**Assignment:**
Repeat exactly the opening lines of the records, ending with the line that contains "Birth Right Künstlens unbekannt".
########
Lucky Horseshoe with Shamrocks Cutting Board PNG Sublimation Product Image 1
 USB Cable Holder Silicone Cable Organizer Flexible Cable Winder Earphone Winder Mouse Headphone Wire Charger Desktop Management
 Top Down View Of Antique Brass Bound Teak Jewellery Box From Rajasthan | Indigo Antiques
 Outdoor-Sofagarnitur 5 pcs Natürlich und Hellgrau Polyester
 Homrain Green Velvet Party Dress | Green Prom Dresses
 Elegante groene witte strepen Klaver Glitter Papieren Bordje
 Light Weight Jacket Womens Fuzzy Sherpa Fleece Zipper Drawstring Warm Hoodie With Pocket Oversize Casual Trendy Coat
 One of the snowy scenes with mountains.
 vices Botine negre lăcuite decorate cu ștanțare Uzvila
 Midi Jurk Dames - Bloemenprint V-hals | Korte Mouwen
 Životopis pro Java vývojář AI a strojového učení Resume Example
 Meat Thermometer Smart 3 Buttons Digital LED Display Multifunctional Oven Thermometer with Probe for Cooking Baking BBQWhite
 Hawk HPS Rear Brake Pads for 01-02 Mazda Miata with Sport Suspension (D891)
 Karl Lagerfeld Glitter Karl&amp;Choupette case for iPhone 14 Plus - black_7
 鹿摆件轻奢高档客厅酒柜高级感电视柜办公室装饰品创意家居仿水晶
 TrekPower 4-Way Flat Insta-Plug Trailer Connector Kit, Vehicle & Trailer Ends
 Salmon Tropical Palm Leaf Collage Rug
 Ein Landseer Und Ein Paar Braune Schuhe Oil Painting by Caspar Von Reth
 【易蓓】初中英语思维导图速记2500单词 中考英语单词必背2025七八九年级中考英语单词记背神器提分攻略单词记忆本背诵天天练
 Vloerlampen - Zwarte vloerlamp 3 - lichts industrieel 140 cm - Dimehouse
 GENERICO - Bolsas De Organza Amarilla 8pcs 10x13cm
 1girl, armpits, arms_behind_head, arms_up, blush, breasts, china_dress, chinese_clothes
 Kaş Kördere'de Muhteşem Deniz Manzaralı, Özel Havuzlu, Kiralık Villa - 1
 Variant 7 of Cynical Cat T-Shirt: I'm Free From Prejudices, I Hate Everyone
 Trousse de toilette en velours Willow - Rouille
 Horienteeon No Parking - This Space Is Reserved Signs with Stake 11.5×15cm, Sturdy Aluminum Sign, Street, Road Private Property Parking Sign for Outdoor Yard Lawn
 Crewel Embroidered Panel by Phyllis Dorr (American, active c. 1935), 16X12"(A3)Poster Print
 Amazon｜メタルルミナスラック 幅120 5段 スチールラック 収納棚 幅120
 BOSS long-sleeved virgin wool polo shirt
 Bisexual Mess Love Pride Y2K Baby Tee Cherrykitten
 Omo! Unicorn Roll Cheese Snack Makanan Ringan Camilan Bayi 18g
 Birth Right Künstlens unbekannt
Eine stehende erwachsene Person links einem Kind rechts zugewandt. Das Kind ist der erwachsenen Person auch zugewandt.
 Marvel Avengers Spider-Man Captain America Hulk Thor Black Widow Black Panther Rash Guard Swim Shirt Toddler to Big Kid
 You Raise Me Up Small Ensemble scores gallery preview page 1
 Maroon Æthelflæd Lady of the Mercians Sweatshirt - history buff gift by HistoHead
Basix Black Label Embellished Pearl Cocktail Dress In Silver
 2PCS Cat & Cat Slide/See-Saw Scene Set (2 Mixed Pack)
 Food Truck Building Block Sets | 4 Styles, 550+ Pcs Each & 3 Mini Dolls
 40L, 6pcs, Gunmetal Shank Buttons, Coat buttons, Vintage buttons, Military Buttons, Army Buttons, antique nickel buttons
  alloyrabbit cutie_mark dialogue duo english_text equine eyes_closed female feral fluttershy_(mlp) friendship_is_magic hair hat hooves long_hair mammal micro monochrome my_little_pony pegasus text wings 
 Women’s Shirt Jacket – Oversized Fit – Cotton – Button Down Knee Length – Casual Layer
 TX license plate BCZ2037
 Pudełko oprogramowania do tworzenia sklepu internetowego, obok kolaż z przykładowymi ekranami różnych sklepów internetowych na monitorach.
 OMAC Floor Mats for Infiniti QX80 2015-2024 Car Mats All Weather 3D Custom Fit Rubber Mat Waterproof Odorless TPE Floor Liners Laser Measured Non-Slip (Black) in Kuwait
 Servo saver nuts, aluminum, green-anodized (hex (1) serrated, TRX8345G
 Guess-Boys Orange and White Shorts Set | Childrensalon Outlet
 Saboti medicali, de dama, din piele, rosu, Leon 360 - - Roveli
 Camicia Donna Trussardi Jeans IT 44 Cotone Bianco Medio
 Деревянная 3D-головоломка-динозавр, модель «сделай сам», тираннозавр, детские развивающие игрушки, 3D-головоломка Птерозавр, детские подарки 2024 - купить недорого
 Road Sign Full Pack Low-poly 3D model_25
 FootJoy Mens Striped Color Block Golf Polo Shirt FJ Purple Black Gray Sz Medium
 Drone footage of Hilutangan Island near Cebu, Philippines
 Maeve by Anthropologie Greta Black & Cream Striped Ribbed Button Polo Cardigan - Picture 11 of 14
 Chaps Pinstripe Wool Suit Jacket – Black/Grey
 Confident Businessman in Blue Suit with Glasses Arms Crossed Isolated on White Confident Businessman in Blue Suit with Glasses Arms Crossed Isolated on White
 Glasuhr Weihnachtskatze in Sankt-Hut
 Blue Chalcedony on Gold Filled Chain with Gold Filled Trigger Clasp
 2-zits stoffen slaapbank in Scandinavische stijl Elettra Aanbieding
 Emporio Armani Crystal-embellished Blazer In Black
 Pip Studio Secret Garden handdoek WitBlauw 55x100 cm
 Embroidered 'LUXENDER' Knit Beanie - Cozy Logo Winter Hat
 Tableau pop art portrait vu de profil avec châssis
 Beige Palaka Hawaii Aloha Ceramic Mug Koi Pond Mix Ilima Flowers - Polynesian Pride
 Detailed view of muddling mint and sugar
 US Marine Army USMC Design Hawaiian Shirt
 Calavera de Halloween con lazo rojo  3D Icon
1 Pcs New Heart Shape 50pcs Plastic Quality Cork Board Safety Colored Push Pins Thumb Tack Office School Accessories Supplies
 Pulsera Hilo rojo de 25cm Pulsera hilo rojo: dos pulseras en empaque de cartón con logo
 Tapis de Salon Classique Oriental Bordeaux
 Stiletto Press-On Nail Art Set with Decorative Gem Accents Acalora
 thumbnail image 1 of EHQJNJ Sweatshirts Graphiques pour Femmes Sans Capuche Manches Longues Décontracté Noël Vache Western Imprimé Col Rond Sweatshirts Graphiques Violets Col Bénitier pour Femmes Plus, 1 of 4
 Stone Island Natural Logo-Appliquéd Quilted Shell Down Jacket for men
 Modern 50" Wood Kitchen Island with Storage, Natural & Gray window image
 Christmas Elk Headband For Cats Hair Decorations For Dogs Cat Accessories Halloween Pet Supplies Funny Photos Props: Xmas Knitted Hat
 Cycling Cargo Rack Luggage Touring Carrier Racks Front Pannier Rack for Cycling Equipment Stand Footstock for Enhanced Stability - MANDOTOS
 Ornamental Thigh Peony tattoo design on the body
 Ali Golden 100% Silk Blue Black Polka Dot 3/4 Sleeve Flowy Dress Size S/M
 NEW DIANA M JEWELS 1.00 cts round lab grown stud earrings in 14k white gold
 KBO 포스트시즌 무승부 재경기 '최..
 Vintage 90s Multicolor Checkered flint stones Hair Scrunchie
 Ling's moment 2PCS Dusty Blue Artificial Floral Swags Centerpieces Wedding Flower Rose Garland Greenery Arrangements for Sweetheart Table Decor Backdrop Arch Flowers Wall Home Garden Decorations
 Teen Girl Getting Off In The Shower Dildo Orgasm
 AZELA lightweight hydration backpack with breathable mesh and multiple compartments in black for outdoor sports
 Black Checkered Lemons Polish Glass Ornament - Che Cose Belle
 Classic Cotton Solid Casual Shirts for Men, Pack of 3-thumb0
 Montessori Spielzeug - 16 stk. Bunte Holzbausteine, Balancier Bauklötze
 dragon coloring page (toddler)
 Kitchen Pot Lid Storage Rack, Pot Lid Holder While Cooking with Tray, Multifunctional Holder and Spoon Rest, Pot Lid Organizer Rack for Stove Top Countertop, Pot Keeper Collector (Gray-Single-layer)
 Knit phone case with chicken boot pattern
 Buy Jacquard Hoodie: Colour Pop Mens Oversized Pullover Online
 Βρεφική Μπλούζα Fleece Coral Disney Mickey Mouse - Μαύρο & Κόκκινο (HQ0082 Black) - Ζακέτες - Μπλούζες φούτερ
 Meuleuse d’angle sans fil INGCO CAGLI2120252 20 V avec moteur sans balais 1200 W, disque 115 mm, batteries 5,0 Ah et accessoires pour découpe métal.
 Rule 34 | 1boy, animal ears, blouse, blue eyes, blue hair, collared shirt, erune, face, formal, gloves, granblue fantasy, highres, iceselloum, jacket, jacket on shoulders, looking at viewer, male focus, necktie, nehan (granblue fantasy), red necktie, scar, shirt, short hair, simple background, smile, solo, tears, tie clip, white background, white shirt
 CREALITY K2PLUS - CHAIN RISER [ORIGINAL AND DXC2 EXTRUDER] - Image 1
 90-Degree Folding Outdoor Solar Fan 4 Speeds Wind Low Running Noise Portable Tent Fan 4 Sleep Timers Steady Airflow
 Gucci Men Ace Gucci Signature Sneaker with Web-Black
########
**Reply:**
Lucky Horseshoe with Shamrocks Cutting Board PNG Sublimation Product Image 1
 USB Cable Holder Silicone Cable Organizer Flexible Cable Winder Earphone Winder Mouse Headphone Wire Charger Desktop Management
 Top Down View Of Antique Brass Bound Teak Jewellery Box From Rajasthan | Indigo Antiques
 Outdoor-Sofagarnitur 5 pcs Natürlich und Hellgrau Polyester
 Homrain Green Velvet Party Dress | Green Prom Dresses
 Elegante groene witte strepen Klaver Glitter Papieren Bordje
 Light Weight Jacket Womens Fuzzy Sherpa Fleece Zipper Drawstring Warm Hoodie With Pocket Oversize Casual Trendy Coat
 One of the snowy scenes with mountains.
 vices Botine negre lăcuite decorate cu ștanțare Uzvila
 Midi Jurk Dames - Bloemenprint V-hals | Korte Mouwen
 Životopis pro Java vývojář AI a strojového učení Resume Example
 Meat Thermometer Smart 3 Buttons Digital LED Display Multifunctional Oven Thermometer with Probe for Cooking Baking BBQWhite
 Hawk HPS Rear Brake Pads for 01-02 Mazda Miata with Sport Suspension (D891)
 Karl Lagerfeld Glitter Karl&amp;Choupette case for iPhone 14 Plus - black_7
 鹿摆件轻奢高档客厅酒柜高级感电视柜办公室装饰品创意家居仿水晶
 TrekPower 4-Way Flat Insta-Plug Trailer Connector Kit, Vehicle & Trailer Ends
 Salmon Tropical Palm Leaf Collage Rug
 Ein Landseer Und Ein Paar Braune Schuhe Oil Painting by Caspar Von Reth
 【易蓓】初中英语思维导图速记2500单词 中考英语单词必背2025七八九年级中考英语单词记背神器提分攻略单词记忆本背诵天天练
 Vloerlampen - Zwarte vloerlamp 3 - lichts industrieel 140 cm - Dimehouse
 GENERICO - Bolsas De Organza Amarilla 8pcs 10x13cm
 1girl, armpits, arms_behind_head, arms_up, blush, breasts, china_dress, chinese_clothes
 Kaş Kördere'de Muhteşem Deniz Manzaralı, Özel Havuzlu, Kiralık Villa - 1
 Variant 7 of Cynical Cat T-Shirt: I'm Free From Prejudices, I Hate Everyone
 Trousse de toilette en velours Willow - Rouille
 Horienteeon No Parking - This Space Is Reserved Signs with Stake 11.5×15cm, Sturdy Aluminum Sign, Street, Road Private Property Parking Sign for Outdoor Yard Lawn
 Crewel Embroidered Panel by Phyllis Dorr (American, active c. 1935), 16X12"(A3)Poster Print
 Amazon｜メタルルミナスラック 幅120 5段 スチールラック 収納棚 幅120
 BOSS long-sleeved virgin wool polo shirt
 Bisexual Mess Love Pride Y2K Baby Tee Cherrykitten
 Omo! Unicorn Roll Cheese Snack Makanan Ringan Camilan Bayi 18g
 Birth Right Künstlens unbekannt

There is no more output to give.